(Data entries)
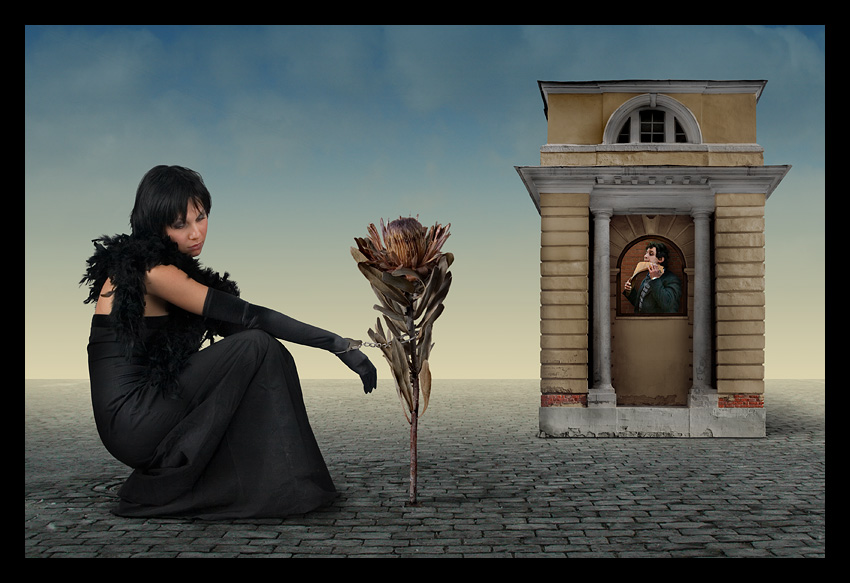 photo "Queen of Spades. Waiting for King" tags: montage, 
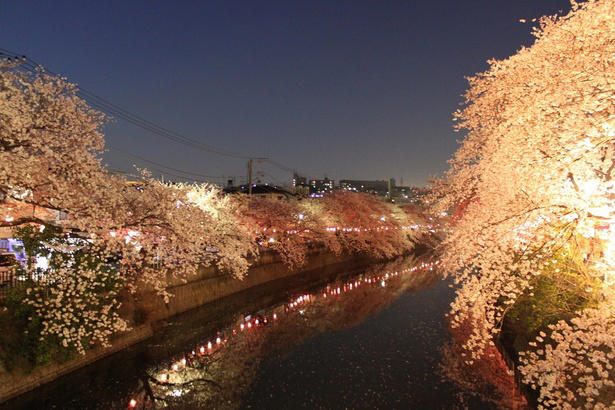 全長5キロに約700本！横浜を代表する桜の回廊を歩く, ぼんぼりの点灯も！井土ヶ谷橋からの絶景や夜桜ライトアップ, 大岡川の桜、見頃はいつから？, 水上から愛でる贅沢！予約制の「桜鑑賞クルーズ」, 大岡川プロムナードへのアクセスは？公共交通機関がベスト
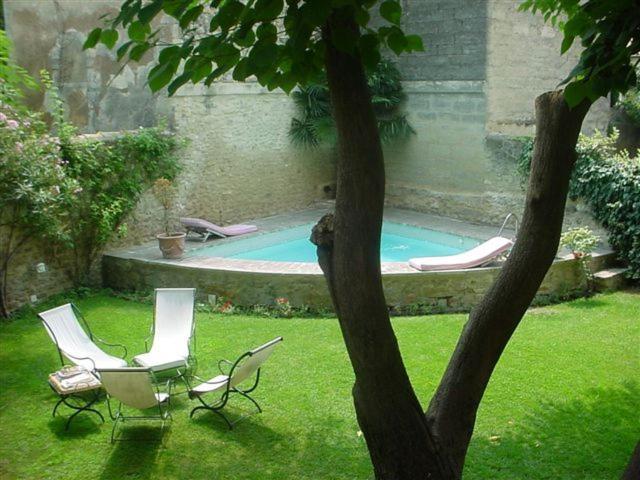Apartment Garden View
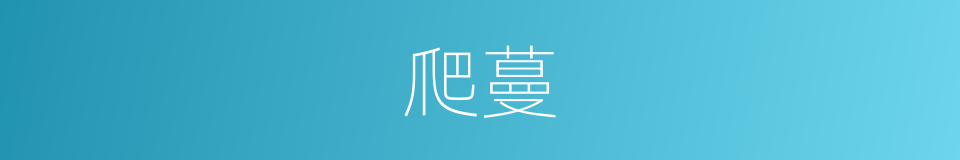 爬蔓的意思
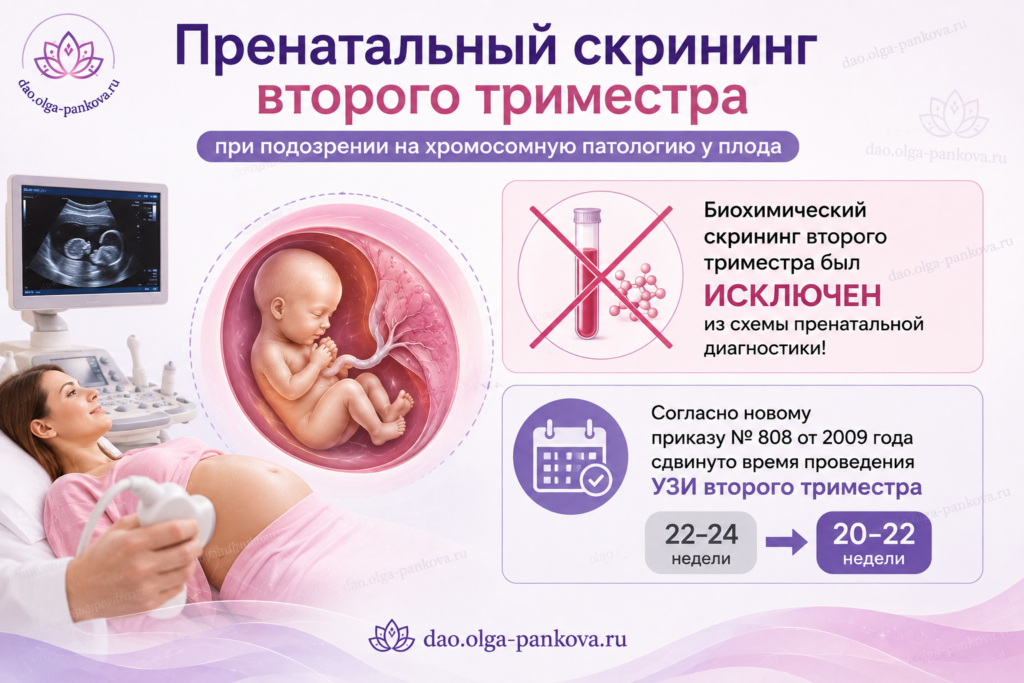 скрининг пренатальный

▶ EXERCISE OBJECTIVE:
Could you retype the records above exactly, omitting the pictures?

▶ WRITTEN SOLUTION:
 photo "Queen of Spades. Waiting for King" tags: montage, 
 全長5キロに約700本！横浜を代表する桜の回廊を歩く, ぼんぼりの点灯も！井土ヶ谷橋からの絶景や夜桜ライトアップ, 大岡川の桜、見頃はいつから？, 水上から愛でる贅沢！予約制の「桜鑑賞クルーズ」, 大岡川プロムナードへのアクセスは？公共交通機関がベスト
Apartment Garden View
 爬蔓的意思
 скрининг пренатальный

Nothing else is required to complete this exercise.